IcanDivideBy0 · 2020-02-29T09:26:13Z

From what I understand, the best place to put a delay to push back on the execution stack is in juniper itself here, right before the resolve_field_async; and keeping the delay here in the LoadFuture::poll. But it doesn't make much sense to put this in juniper for the purpose of this crate.

Does somebody have any thoughts on this ?

kolloch · 2020-03-17T17:28:10Z

Instead of the delay, I would propose yield_now:

https://docs.rs/tokio/0.2.13/tokio/task/fn.yield_now.html

I literally just had a look at this crate 10min ago so I am not ready to comment more but I'd also be interested in consistent behavior with async.
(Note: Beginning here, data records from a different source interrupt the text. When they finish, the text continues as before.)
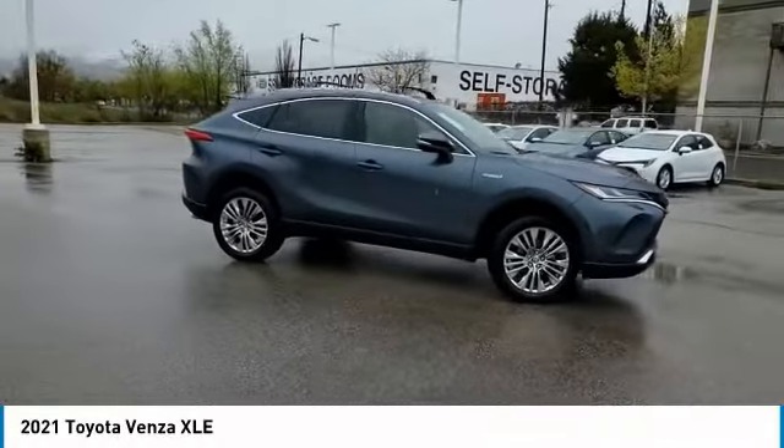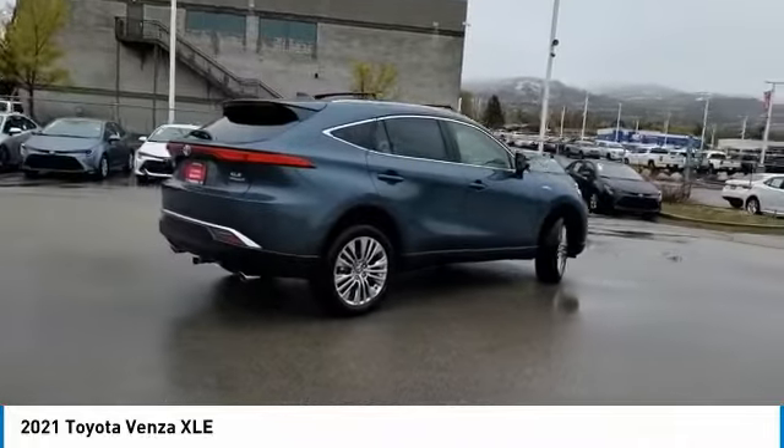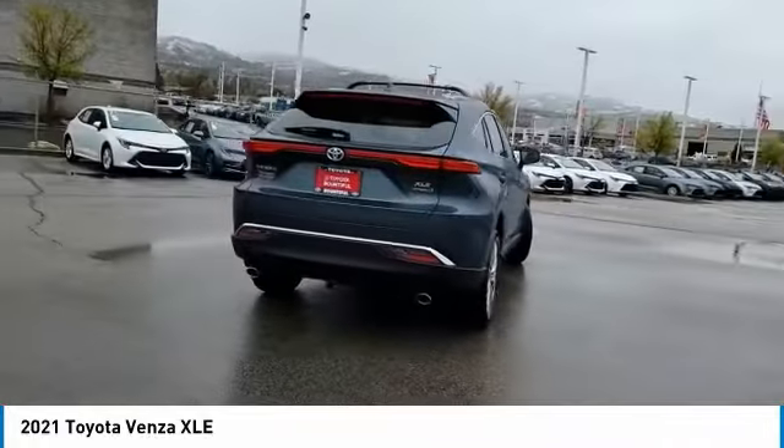Take a ride in the 2021 Venza. Toyota Venza blends the attributes of a crossover SUV with those of a wagon.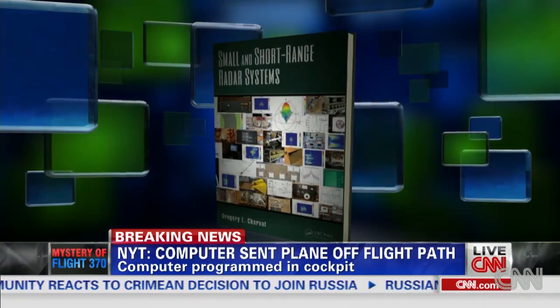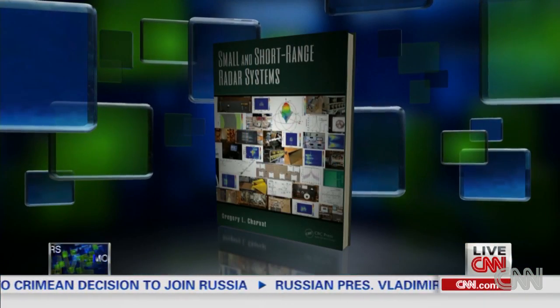Greg Charvat is an author of Small and Short-Range Radar Systems. I've read it three or four times. I love it. Thank you.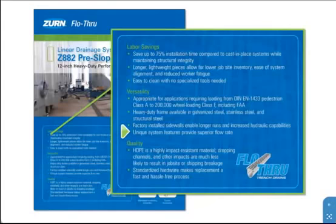The Z882 is highly impact-resistant, limiting the potential for job site or shipping breakage. Alternative materials factor easily when exposed to job site conditions. High-density polyethylene, or HDPE, has 0% water absorption, meaning that the system does not transfer water to the surrounding concrete, thereby preventing freeze damage that may occur with other setups.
I don't see the conceptional need for non-determinism there. (But I might be wrong).

cksac · 2020-03-23T15:25:17Z

I released new version 0.8 using async-await and some breaking change. see if you want to try it out.

IcanDivideBy0 · 2020-03-23T20:29:58Z

Ok I tested with 0.8
From what I see, the dataloader is now consistently broken :/ I can't manage to get a single batch functioning.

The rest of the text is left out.